Initially the woman is given medication to encourage the production of eggs in the ovaries. Following this, doctors will monitor the woman’s progress using blood tests and ultrasound examinations. Just before the eggs are due to be removed, the woman will be given a hormone injection to help the eggs to develop fully. This method involves fertilisation outside of the body; the eggs are removed from the woman’s body and then fertilised by sperm inside a laboratory. Once fertilisation has taken place, the fertilised embryo (or embryos) is then put back in the woman’s womb. It is then a matter of waiting to see if the treatment is successful.
Who can have IVF?
NHS guidelines recommend that couples are entitled to IVF on the NHS if the woman is aged between 23 and 39, the source of the infertility problem has been diagnosed and they have been trying to conceive for at least three years. However, in some cases the requirements for qualification may be different, as different Primary Care Trust may have slightly different criteria. Priority is usually given to couples that do not have children already.
What if IVF doesn’t work?
NHS guidelines suggest that couples that qualify for IVF should be offered three cycles of treatment; if this fails, the couple may consider getting private treatment or considering options such as adoption or surrogacy.
How successful is IVF?
Success rates are still relatively low ; statistics published by the NHS in 2006 found that the success rates were as follows:
- 29% for women under the age of 35
- 26% for women aged between 35 and 37
- 17% for women aged between 38 and 39
- 11% for women aged between 40 and 42
Is treatment available immediately?
In most Primary Care Trusts there is a lengthy waiting list for IVF treatment. Private health providers can often offer treatment much quicker but it can be extremely expensive and the results are not guaranteed.

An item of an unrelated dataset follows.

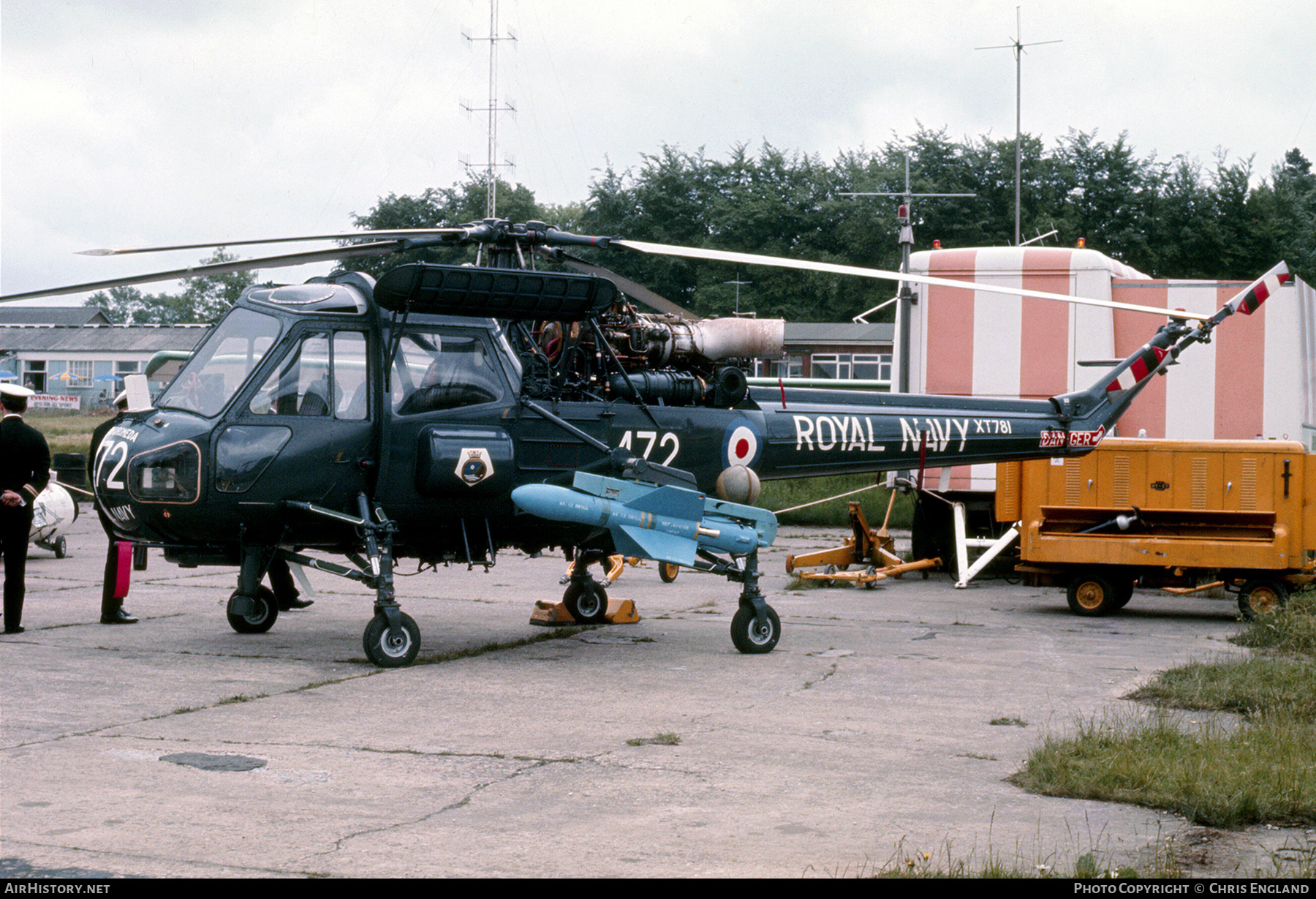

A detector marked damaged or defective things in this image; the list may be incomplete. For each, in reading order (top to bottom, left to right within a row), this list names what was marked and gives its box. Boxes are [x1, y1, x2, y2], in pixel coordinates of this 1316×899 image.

cracked concrete slab [0, 513, 1305, 879]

Are there any risks involved?
Aside from the mental trauma of going through IVF, there are several possible risks associated with this treatment. The most common risks include unpleasant reactions to fertility drugs (including hot flushes, nausea and headaches), ectopic pregnancy (where the fertilised egg is located in the wrong place and starts to develop on the outside of the womb; this usually causes bleeding and discomfort) and multiple births; although many women dream of having more than one baby, this can actually carry serious risks to both the health of the babies and the mother. Multiple births can cause high blood pressure and contribute to diabetes; multiple births also usually result in premature birth, which can potentially be fatal.
How much does private treatment cost?
Each clinic charges different prices and it is best to get quotes from a few different providers before you choose which one to go for. Remember to take into account any treatment you will need prior to and following the actual IVF cycle. As a general guide, patients should expect to pay at least £3,000 per cycle of IVF.